** PROBLEM TO SOLVE **
Set down, exactly and with nothing added, the lines running from the one that holds "6105 Lancaster Blvd, Ocean Springs, MS 39564" to the final line of the records. Pictures stay out of the copy.

*** Opening EXERCISE INPUTS ***

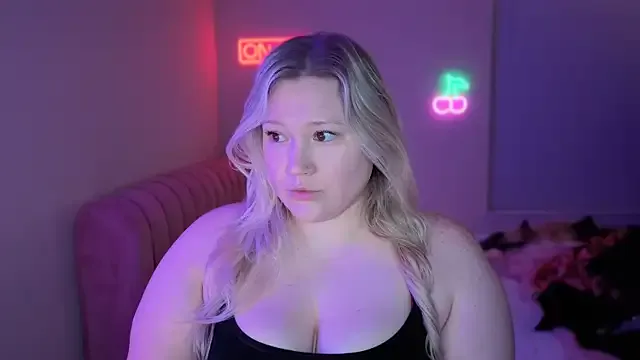 PiggyRose on StripChat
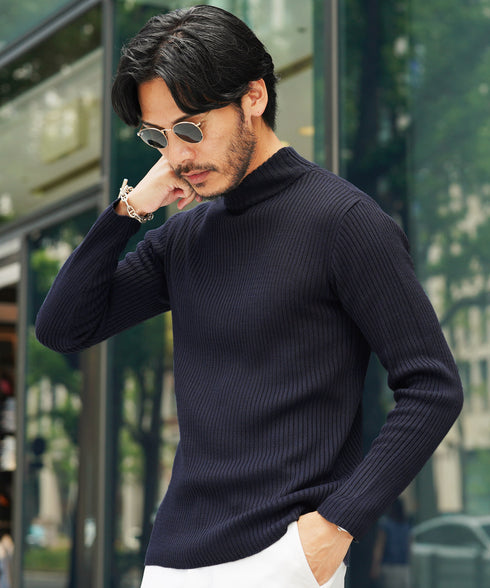 Cネイビー MODEL : GO 180cm 66kg Lsize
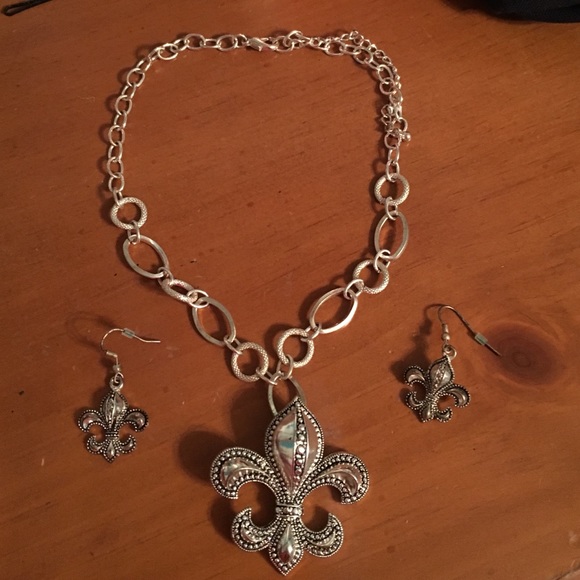 Fleur De Lis necklace with matching earrings!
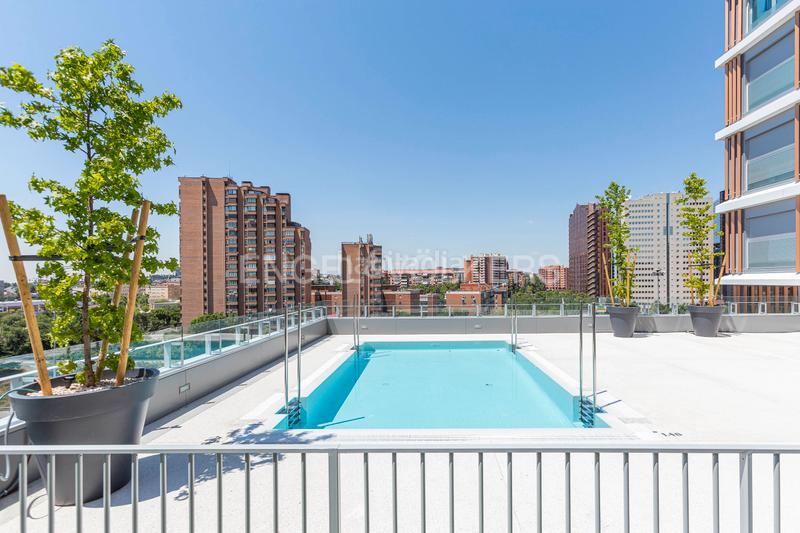 Foto 6a2a90b1-26f2-43e4-abe5-7be268dd9592. Apartamento duplex de lujo en arturo soria Costillares en Madrid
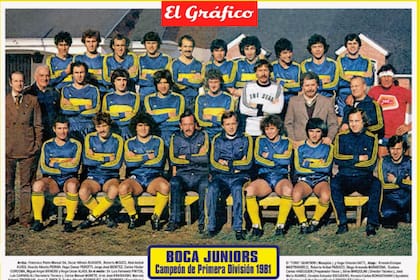 Un póster del Boca campeón de 1981; Maradona exigió posar con la camiseta de las estrellitas por respeto a Tubío, y Vicente Pernía lo respaldó.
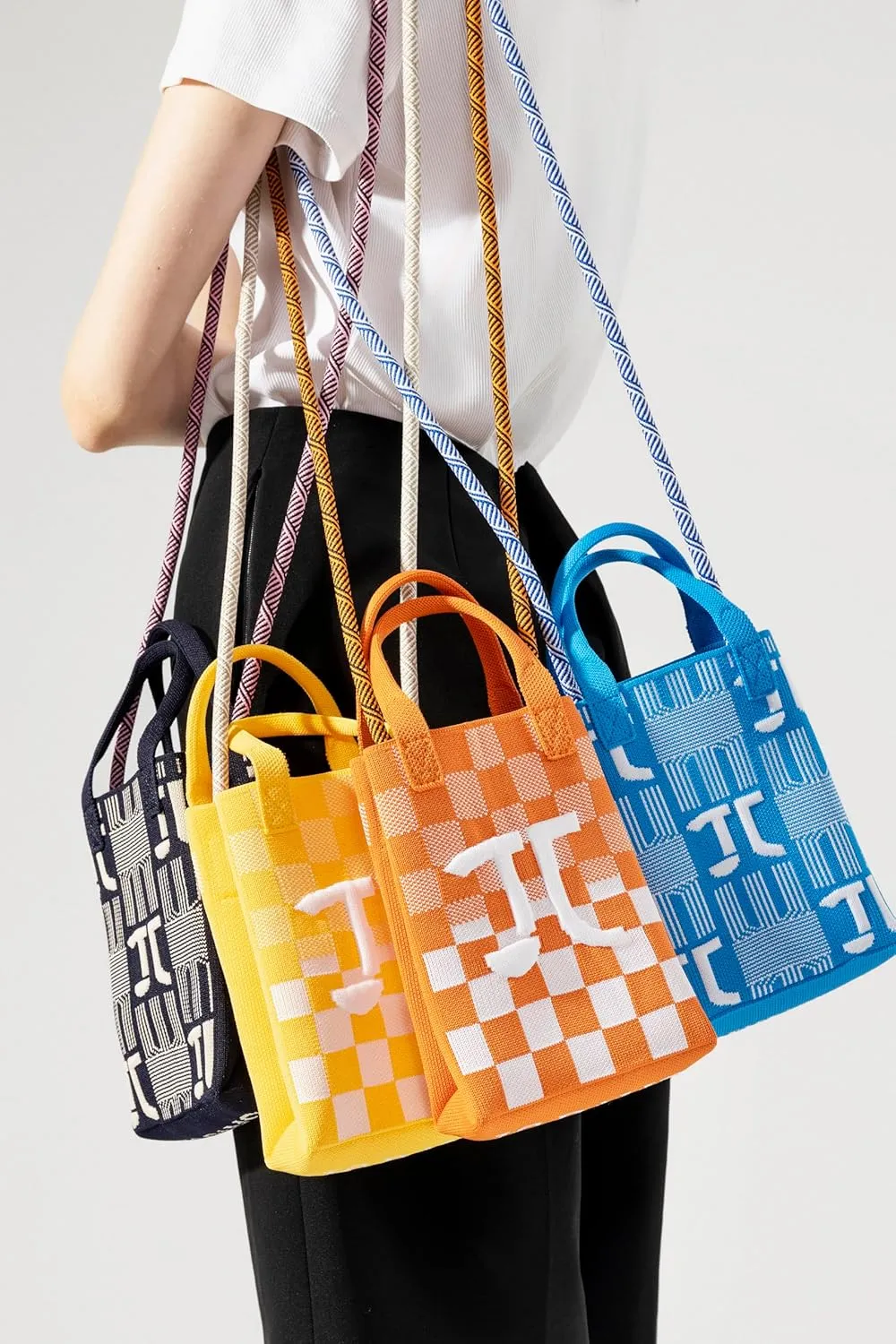 Fashion Plaid Classic Wristband Crossbody Bag Women's Knit Bag Premium Texture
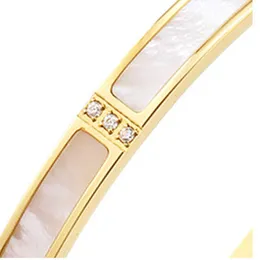 Bangle de conchas mulheres aço inoxidável Casal Bracelet Gold Men Jóias da moda Valentim Day Gift for Girlfriend Accessories Wholesale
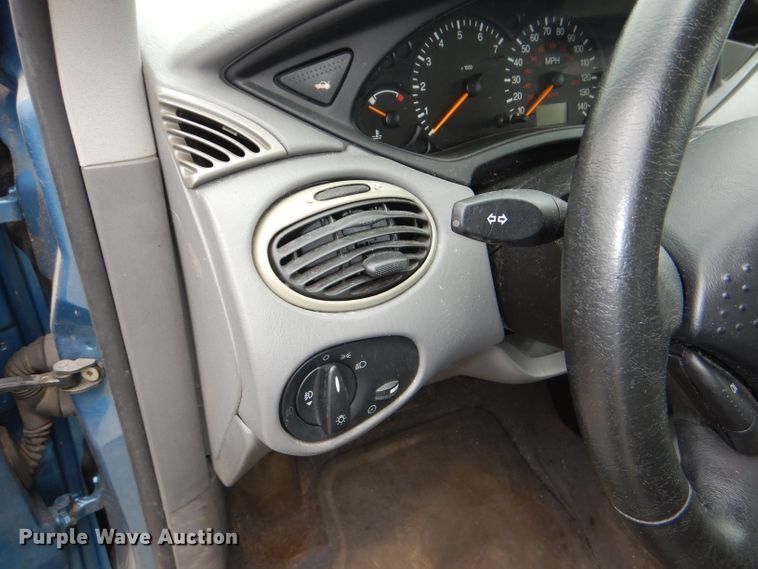 image for item DG4889 2001 Ford Focus SE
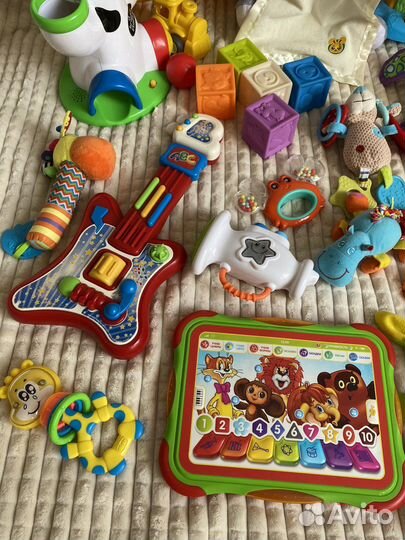 Большой пакет фирменных игрушек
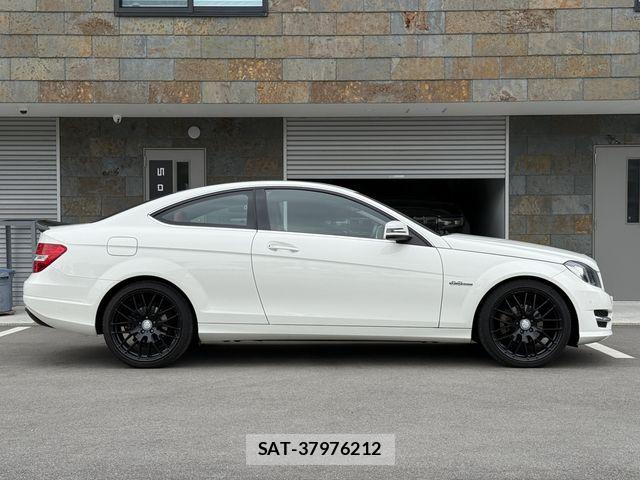 Mercedes Benz C-CLASS 2012-02 6672437-5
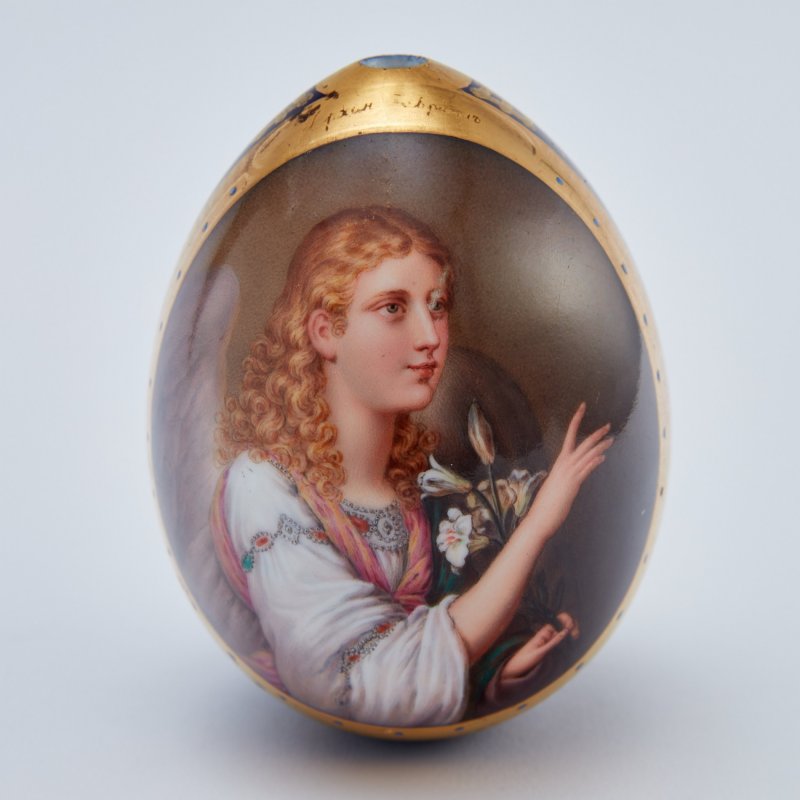 Шедевр! Фарфоровое пасхальное яйцо с изображением Архангела Гавриила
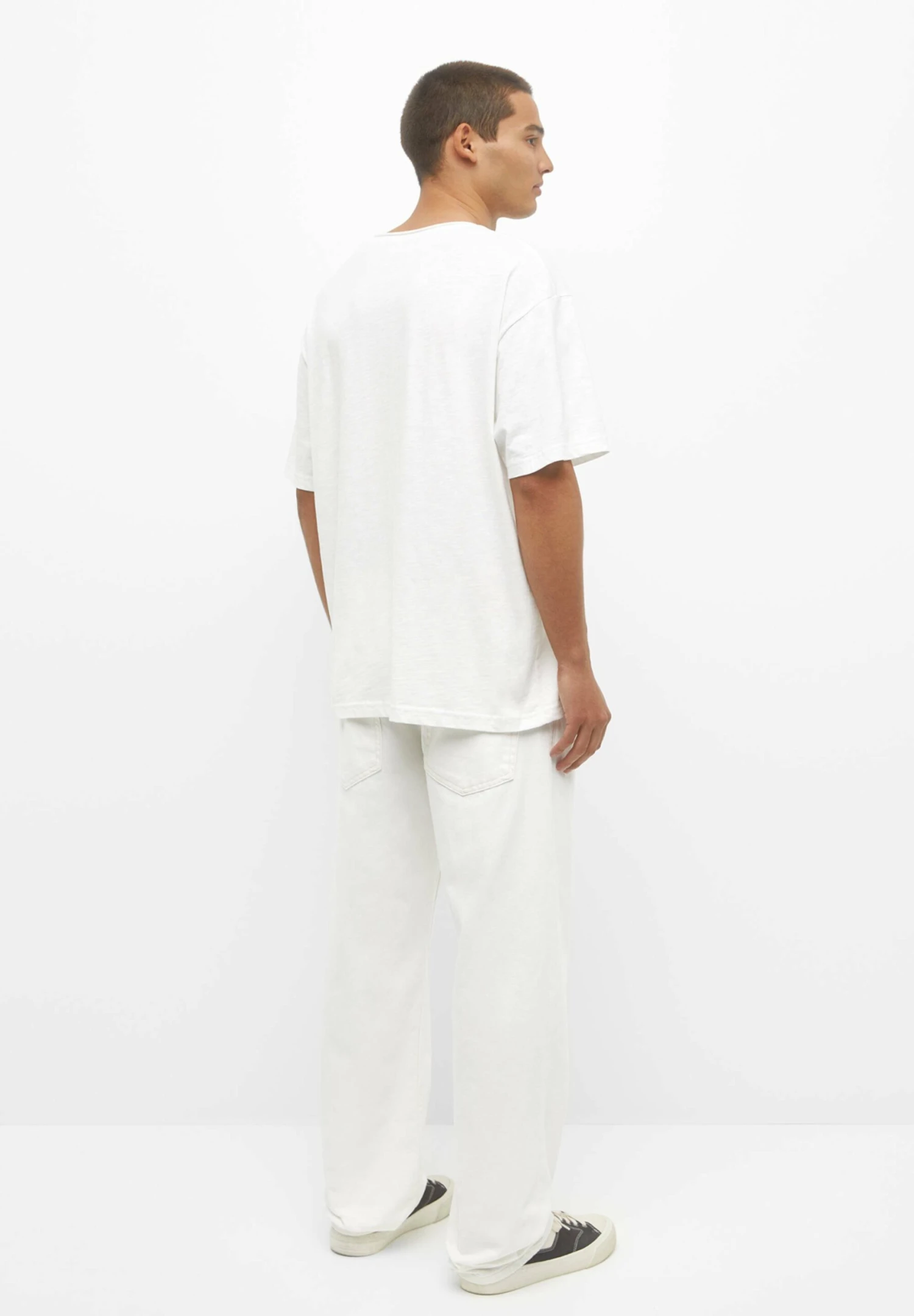 PULL & BEAR Wide Leg- Relaxed Fit Jeans - White 3 PULL & BEAR Wide Leg- Relaxed Fit Jeans - White - Afbeelding 3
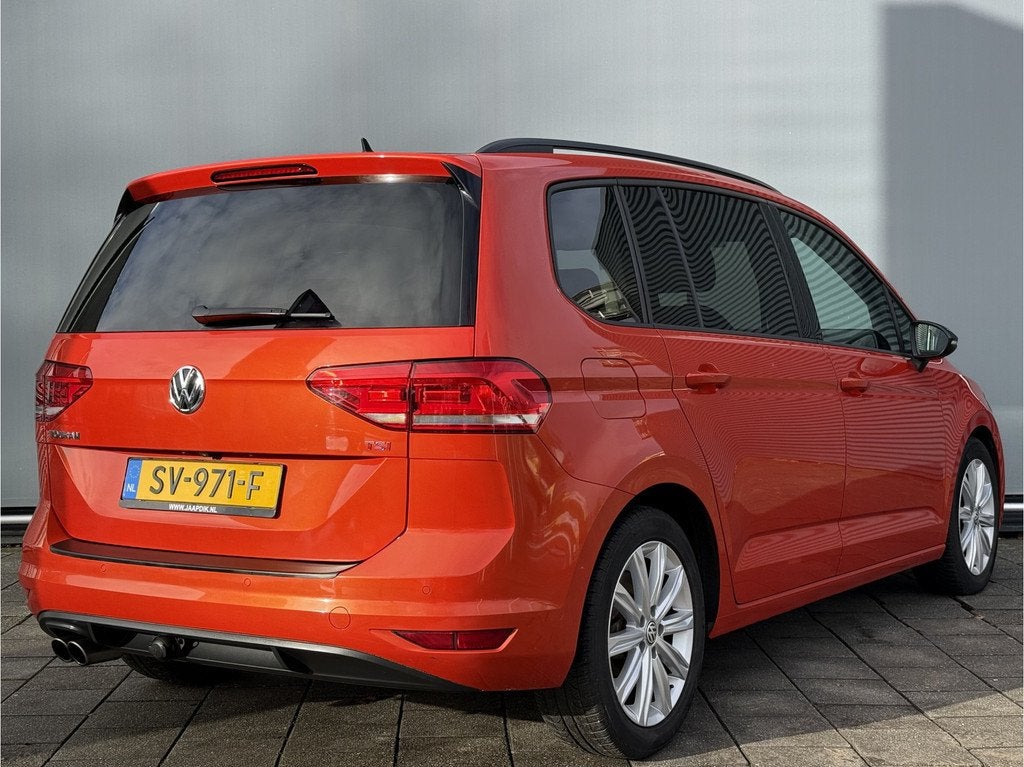 Volkswagen Touran BWJ 2017 | 1.8 TSI 180PK Highline Bus R AU, Auto's, Volkswagen, 1441 kg, Gebruikt, 179 pk, Alcantara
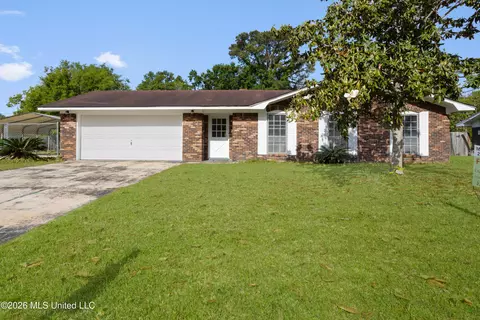 6105 Lancaster Blvd, Ocean Springs, MS 39564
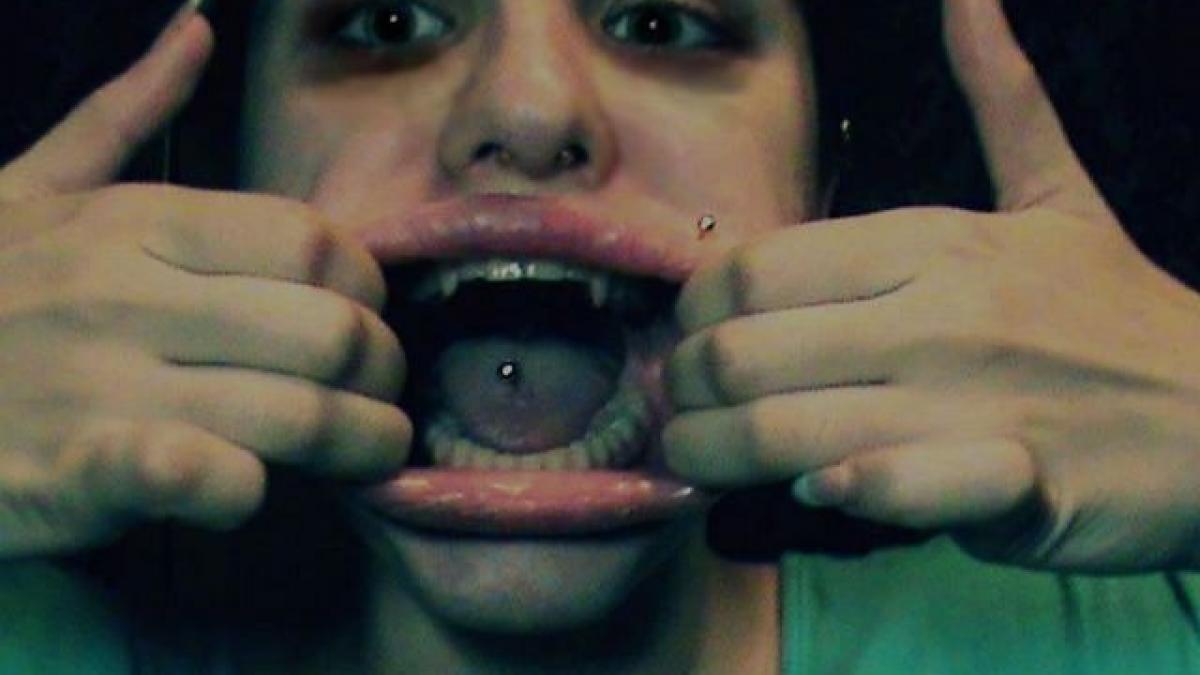 botoxata si rujata parca a nghitit o roata transformarea unei fete normale intr o piti autentica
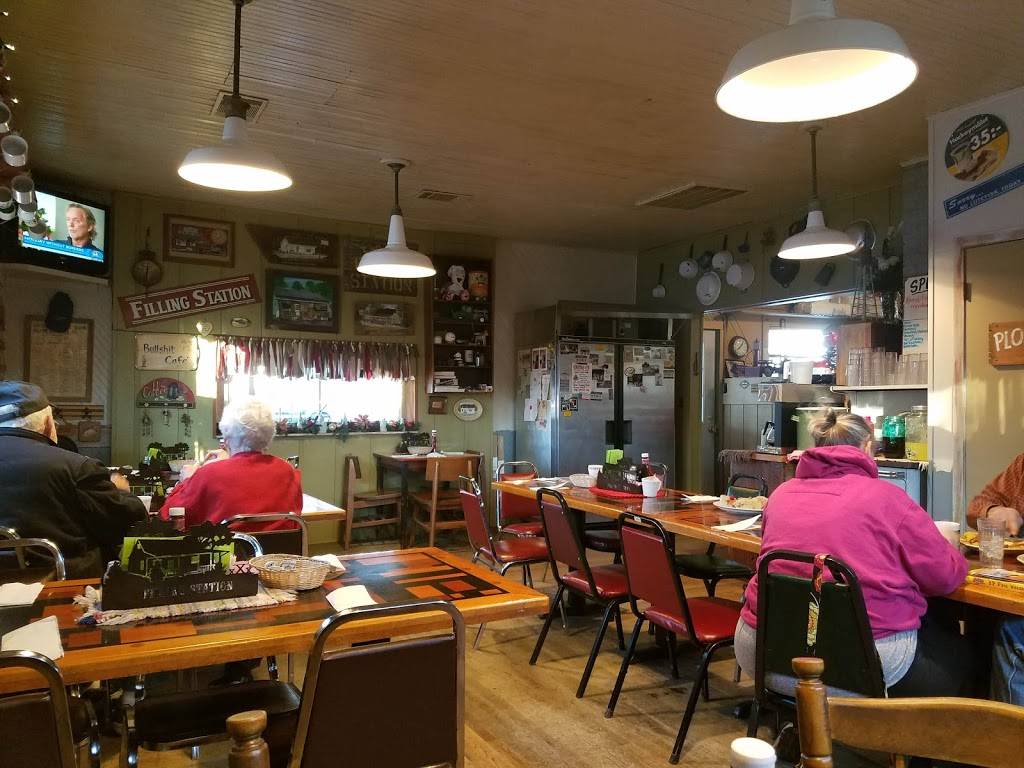 Filling Station | restaurant | 307 Bishop Hill St, Bishop Hill, IL 61419, USA | 3099273355 OR +1 309-927-3355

*** Closing EXERCISE INPUTS ***

** EXERCISE SOLUTION **
 6105 Lancaster Blvd, Ocean Springs, MS 39564
 botoxata si rujata parca a nghitit o roata transformarea unei fete normale intr o piti autentica
 Filling Station | restaurant | 307 Bishop Hill St, Bishop Hill, IL 61419, USA | 3099273355 OR +1 309-927-3355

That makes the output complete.